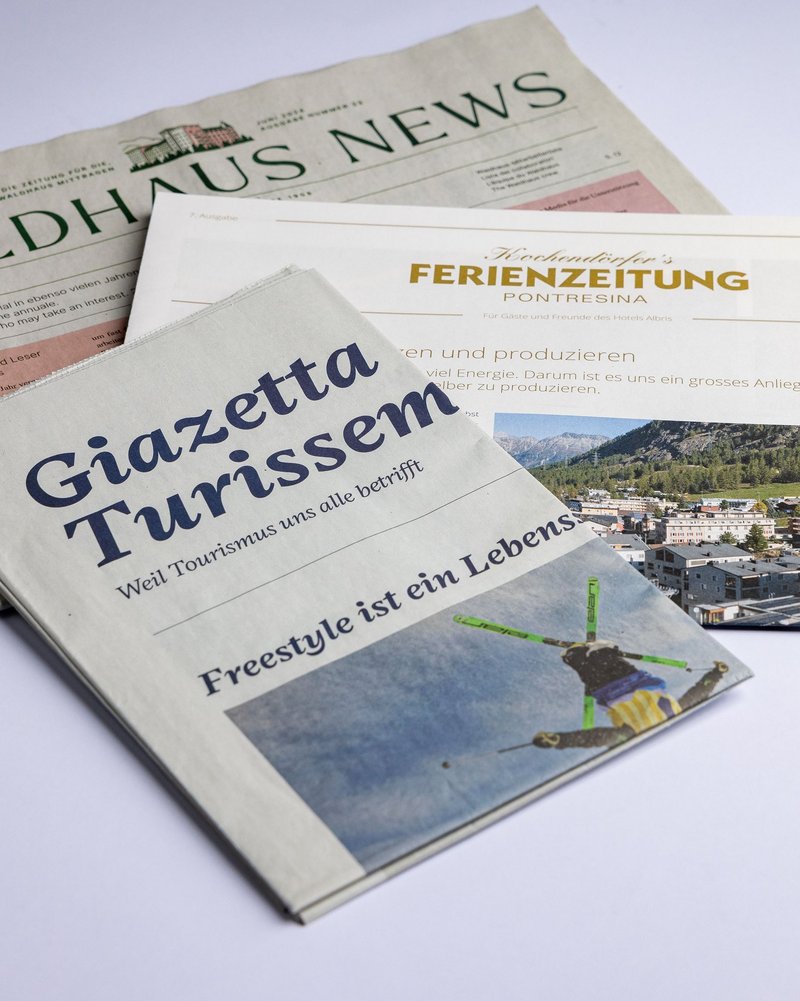 Eine Studiofotografie von diversen Zeitungen wie Waldhaus News oder Giazetta Turissem oder die Ferienzeitung des Hotel Albris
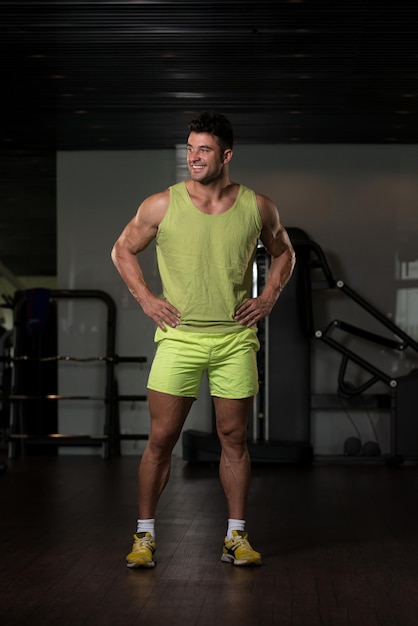 Strong Man in Green Tshirt Background Gym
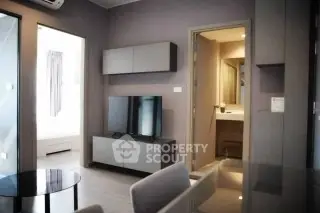 Modern living room with sleek furniture and TV, adjacent to a stylish bathroom.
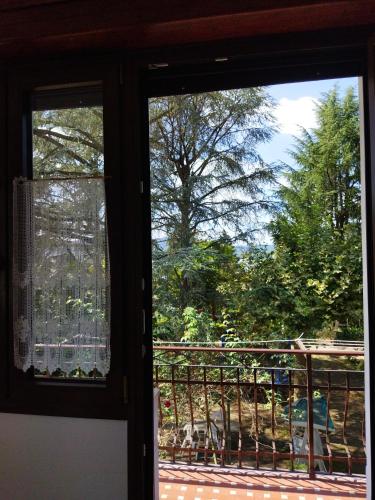 a view out of a window of a balcony at Appartamento doppi bagni sei posti letto in Viverone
---
Exercise requirements:
Nothing should be printed except the lines from the one with "Strong Man in Green Tshirt Background Gym" through the last line of the listing above, both ends included; please drop the pictures.

Result below:
 Strong Man in Green Tshirt Background Gym
 Modern living room with sleek furniture and TV, adjacent to a stylish bathroom.
 a view out of a window of a balcony at Appartamento doppi bagni sei posti letto in Viverone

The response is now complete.